Die Beschwerde ist zulässig gegen die nicht berufungsfähigen Entscheide, Verfügungen und Verfahrenshandlungen des Strafgerichts, des Jugendgerichts und des Zwangsmassnahmengerichts, welches insbesondere für die Verhängung von Untersuchungshaft zuständig ist, sowie der Staatsanwaltschaft und der Polizei. Nicht berufungsfähige Entscheide der Gerichte sind solche, mit denen das Verfahren nicht durch einen Schuld- oder Freispruch zum Abschluss gebracht worden ist, sondern z.B. das Verfahren aus formellen Gründen eingestellt worden ist. Gar nicht anfechtbar, also auch nicht mit Beschwerde, sind hingegen sog. prozessleitende Verfügungen, insbesondere auch Verfügungen der Instruktionsrichterin bzw. des Instruktionsrichters betreffend Ablehnung eines Beweisantrags einer Prozesspartei, denn dadurch erleidet diese in der Regel keinen nicht wiedergutzumachenden Nachteil.

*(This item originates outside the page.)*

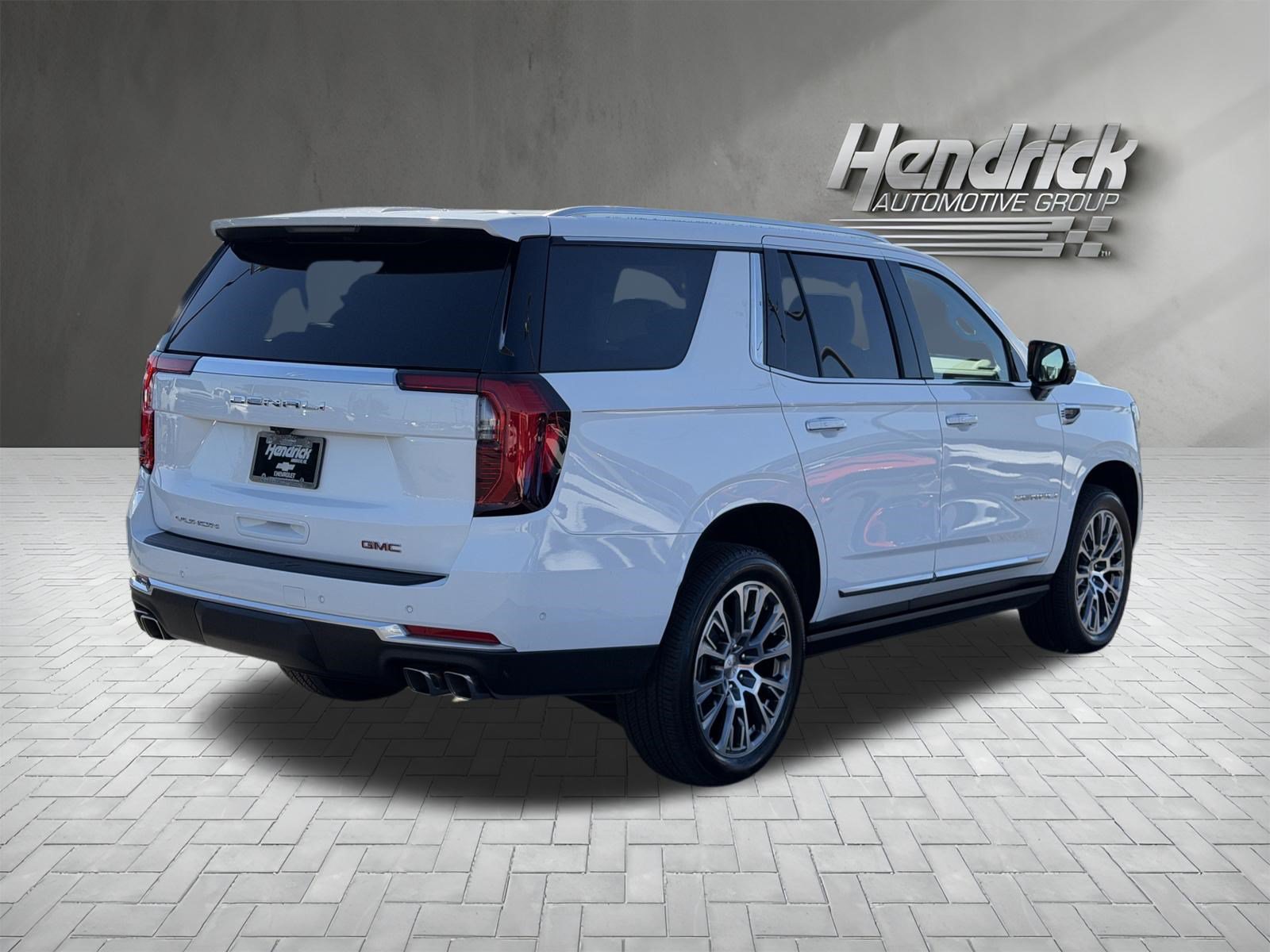 Used 2026 GMC Yukon Denali w/ Sun & Power Step Package RWD image 10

Mit der Beschwerde können die gleichen Rügen wie mit der Berufung vorgebracht werden (Rechtsverletzungen, unvollständige oder unrichtige Feststellung des Sachverhalts, Unangemessenheit).

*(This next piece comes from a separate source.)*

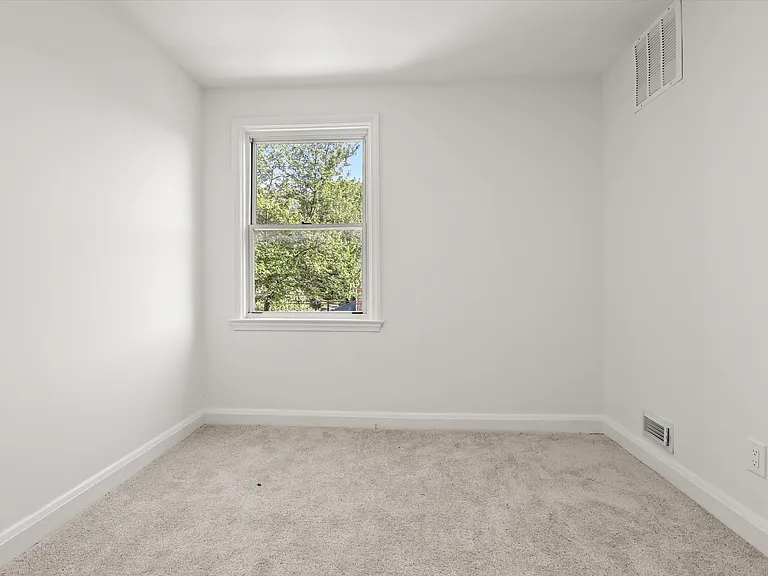 1302 Woodbourne Ave — Photo 24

Die Beschwerde ist nach schriftlicher oder mündlicher Eröffnung eines Entscheides innert 10 Tagen schriftlich und begründet beim Appellationsgericht einzureichen. Auf Beschwerden, die unbegründet bleiben, wird nicht eingetreten. Nach Eingang einer Beschwerde erhält die Gegenpartei in der Regel Gelegenheit, sich zur Beschwerde zu äussern. Erweist sich allerdings die Beschwerde von vornherein als unbegründet, kann auf die Einholung einer solchen Stellungnahme verzichtet werden.

Das Beschwerdeverfahren ist grundsätzlich schriftlich. Es findet also in der Regel keine Verhandlung statt. Wird die Beschwerde gutgeheissen und der angefochtene Entscheid aufgehoben, wird die Sache – allenfalls mit entsprechenden Anweisungen – an die Vorinstanz zurückgewiesen. Nur in Ausnahmefällen entscheidet das Appellationsgericht selbst in der Sache. In Bezug auf die Kosten gilt dasselbe wie bei der Berufung.

Nicht anfechtbar mit Beschwerde sind Strafbefehle, gegen die innert 10 Tagen Einsprache bei der Staatsanwaltschaft erhoben werden kann. Erfolgt eine solche Einsprache, so wird der Strafbefehl zur Anklageschrift. Darüber entscheidet das Strafgericht, dessen Urteil dann in der Regel mit Berufung an das Appellationsgericht weitergezogen werden kann.